■ The data:
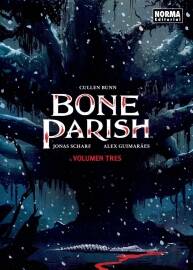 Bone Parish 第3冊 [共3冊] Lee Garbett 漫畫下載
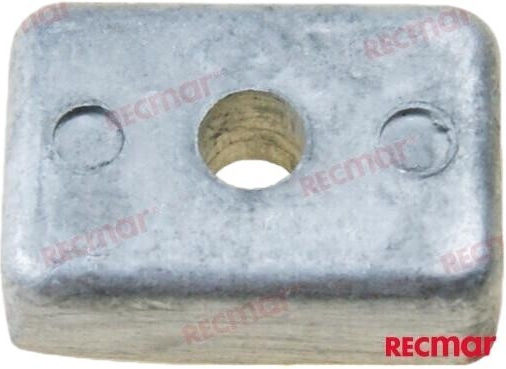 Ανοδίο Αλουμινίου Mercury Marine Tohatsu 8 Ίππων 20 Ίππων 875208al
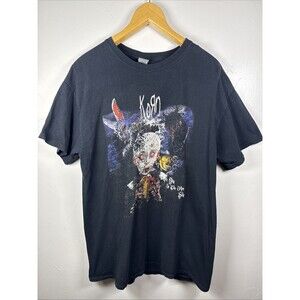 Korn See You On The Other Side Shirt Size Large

--

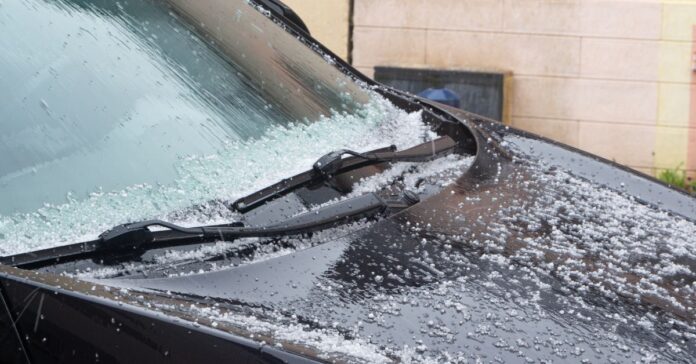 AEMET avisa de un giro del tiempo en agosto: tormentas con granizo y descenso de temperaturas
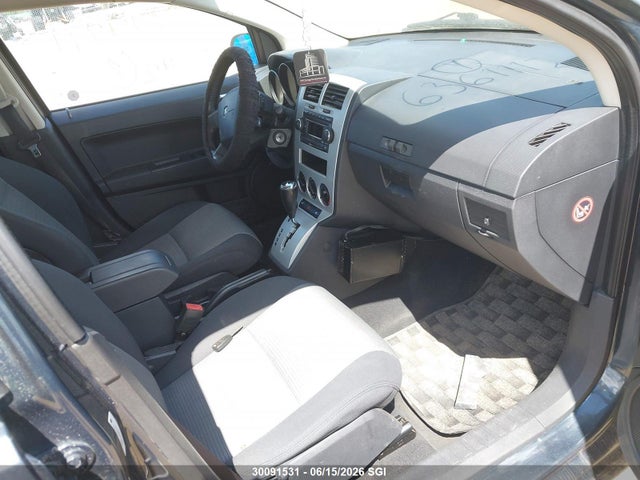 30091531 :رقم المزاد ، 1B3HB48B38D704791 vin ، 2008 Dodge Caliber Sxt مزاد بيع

---

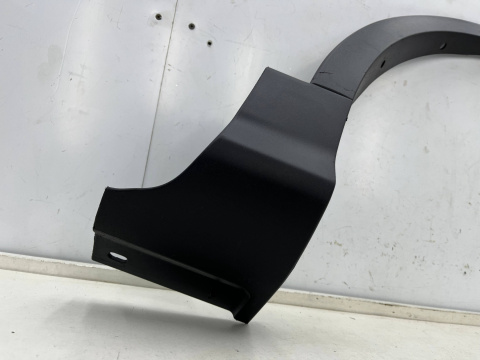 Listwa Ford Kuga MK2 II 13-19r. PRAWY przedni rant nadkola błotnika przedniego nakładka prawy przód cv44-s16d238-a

■ Task description:
Respond with the exact lines above running from the one containing "AEMET avisa de" to the one containing "30091531 :رقم المزاد", both ends kept and no pictures included.

■ Result for this task:
 AEMET avisa de un giro del tiempo en agosto: tormentas con granizo y descenso de temperaturas
 30091531 :رقم المزاد ، 1B3HB48B38D704791 vin ، 2008 Dodge Caliber Sxt مزاد بيع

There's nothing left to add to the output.